[Extracted records]
■ ■ ■ ■ ■

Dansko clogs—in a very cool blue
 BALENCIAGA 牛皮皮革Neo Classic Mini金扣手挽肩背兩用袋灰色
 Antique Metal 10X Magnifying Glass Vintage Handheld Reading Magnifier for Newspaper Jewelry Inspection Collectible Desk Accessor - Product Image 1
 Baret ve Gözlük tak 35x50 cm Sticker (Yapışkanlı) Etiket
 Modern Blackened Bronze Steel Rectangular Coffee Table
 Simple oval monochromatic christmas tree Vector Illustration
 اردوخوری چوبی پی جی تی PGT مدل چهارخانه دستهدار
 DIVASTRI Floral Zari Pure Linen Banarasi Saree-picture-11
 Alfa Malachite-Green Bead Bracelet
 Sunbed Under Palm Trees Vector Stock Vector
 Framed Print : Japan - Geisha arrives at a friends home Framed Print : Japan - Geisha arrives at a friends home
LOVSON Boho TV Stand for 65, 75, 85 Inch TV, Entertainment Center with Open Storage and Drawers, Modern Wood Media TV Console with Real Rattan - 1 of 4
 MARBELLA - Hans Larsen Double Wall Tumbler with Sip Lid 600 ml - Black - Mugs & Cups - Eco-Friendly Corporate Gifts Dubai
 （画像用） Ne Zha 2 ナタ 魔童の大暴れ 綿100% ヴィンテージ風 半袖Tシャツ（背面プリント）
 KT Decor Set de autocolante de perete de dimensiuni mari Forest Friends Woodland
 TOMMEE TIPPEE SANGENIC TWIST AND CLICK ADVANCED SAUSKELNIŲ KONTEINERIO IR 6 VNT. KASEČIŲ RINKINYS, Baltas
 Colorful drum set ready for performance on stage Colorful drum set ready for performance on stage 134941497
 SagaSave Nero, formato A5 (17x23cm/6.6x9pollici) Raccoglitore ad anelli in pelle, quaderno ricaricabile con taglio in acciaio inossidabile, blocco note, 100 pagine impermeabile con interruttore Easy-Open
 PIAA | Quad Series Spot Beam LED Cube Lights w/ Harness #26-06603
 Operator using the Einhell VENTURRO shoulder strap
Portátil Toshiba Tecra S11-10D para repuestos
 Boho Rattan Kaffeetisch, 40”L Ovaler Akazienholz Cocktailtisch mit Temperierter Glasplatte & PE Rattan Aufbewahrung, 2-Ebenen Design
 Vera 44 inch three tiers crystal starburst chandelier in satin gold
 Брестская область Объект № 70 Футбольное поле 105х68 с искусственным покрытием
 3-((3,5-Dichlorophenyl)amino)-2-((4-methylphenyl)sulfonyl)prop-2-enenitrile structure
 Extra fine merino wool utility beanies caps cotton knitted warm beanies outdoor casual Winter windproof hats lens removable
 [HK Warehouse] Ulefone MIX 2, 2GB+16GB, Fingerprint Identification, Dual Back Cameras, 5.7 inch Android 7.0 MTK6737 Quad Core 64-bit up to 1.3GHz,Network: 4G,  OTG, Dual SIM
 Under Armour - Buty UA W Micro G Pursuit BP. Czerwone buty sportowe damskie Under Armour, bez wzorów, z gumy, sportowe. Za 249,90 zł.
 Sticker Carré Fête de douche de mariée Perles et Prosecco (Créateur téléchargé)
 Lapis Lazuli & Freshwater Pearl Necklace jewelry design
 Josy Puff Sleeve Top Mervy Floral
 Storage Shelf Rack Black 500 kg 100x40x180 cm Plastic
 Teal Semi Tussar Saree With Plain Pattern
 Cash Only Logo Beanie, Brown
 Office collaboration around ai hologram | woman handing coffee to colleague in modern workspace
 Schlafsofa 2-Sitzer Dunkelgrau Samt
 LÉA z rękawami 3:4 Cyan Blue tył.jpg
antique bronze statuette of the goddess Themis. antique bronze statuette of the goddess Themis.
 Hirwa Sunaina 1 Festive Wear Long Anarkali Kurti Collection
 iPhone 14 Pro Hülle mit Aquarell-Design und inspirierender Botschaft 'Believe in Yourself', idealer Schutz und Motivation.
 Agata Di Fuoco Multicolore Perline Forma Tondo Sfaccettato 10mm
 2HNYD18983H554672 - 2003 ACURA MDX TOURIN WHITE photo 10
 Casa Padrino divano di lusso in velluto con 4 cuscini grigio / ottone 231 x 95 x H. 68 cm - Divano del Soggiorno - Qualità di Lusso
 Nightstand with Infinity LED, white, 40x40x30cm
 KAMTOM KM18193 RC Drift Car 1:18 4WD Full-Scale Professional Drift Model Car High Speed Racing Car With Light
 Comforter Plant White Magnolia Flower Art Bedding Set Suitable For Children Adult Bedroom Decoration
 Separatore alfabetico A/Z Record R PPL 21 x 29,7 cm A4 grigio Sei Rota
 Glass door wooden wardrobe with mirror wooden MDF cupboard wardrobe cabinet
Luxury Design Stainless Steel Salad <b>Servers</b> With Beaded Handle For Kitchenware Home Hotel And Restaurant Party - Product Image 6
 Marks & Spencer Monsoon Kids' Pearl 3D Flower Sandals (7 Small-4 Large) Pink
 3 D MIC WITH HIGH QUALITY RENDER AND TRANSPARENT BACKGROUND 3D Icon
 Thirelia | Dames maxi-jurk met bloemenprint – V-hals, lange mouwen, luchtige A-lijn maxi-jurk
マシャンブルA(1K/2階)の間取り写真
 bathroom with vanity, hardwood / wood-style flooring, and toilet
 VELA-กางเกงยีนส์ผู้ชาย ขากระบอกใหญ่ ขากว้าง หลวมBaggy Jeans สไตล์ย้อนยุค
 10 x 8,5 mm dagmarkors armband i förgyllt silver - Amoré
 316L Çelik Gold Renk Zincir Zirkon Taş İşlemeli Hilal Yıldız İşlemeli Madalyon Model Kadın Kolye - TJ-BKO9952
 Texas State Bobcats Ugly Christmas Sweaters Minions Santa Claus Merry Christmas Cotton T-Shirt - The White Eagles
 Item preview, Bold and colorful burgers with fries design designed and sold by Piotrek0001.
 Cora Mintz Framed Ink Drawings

■ ■ ■ ■ ■

◆ What to do: From the records above, give again exactly the lines running from the line with "Aufbewahrung, 2-Ebenen Design" to the line with "KAMTOM KM18193 RC", inclusive.

◆ Answer to this task:
 Boho Rattan Kaffeetisch, 40”L Ovaler Akazienholz Cocktailtisch mit Temperierter Glasplatte & PE Rattan Aufbewahrung, 2-Ebenen Design
 Vera 44 inch three tiers crystal starburst chandelier in satin gold
 Брестская область Объект № 70 Футбольное поле 105х68 с искусственным покрытием
 3-((3,5-Dichlorophenyl)amino)-2-((4-methylphenyl)sulfonyl)prop-2-enenitrile structure
 Extra fine merino wool utility beanies caps cotton knitted warm beanies outdoor casual Winter windproof hats lens removable
 [HK Warehouse] Ulefone MIX 2, 2GB+16GB, Fingerprint Identification, Dual Back Cameras, 5.7 inch Android 7.0 MTK6737 Quad Core 64-bit up to 1.3GHz,Network: 4G,  OTG, Dual SIM
 Under Armour - Buty UA W Micro G Pursuit BP. Czerwone buty sportowe damskie Under Armour, bez wzorów, z gumy, sportowe. Za 249,90 zł.
 Sticker Carré Fête de douche de mariée Perles et Prosecco (Créateur téléchargé)
 Lapis Lazuli & Freshwater Pearl Necklace jewelry design
 Josy Puff Sleeve Top Mervy Floral
 Storage Shelf Rack Black 500 kg 100x40x180 cm Plastic
 Teal Semi Tussar Saree With Plain Pattern
 Cash Only Logo Beanie, Brown
 Office collaboration around ai hologram | woman handing coffee to colleague in modern workspace
 Schlafsofa 2-Sitzer Dunkelgrau Samt
 LÉA z rękawami 3:4 Cyan Blue tył.jpg
antique bronze statuette of the goddess Themis. antique bronze statuette of the goddess Themis.
 Hirwa Sunaina 1 Festive Wear Long Anarkali Kurti Collection
 iPhone 14 Pro Hülle mit Aquarell-Design und inspirierender Botschaft 'Believe in Yourself', idealer Schutz und Motivation.
 Agata Di Fuoco Multicolore Perline Forma Tondo Sfaccettato 10mm
 2HNYD18983H554672 - 2003 ACURA MDX TOURIN WHITE photo 10
 Casa Padrino divano di lusso in velluto con 4 cuscini grigio / ottone 231 x 95 x H. 68 cm - Divano del Soggiorno - Qualità di Lusso
 Nightstand with Infinity LED, white, 40x40x30cm
 KAMTOM KM18193 RC Drift Car 1:18 4WD Full-Scale Professional Drift Model Car High Speed Racing Car With Light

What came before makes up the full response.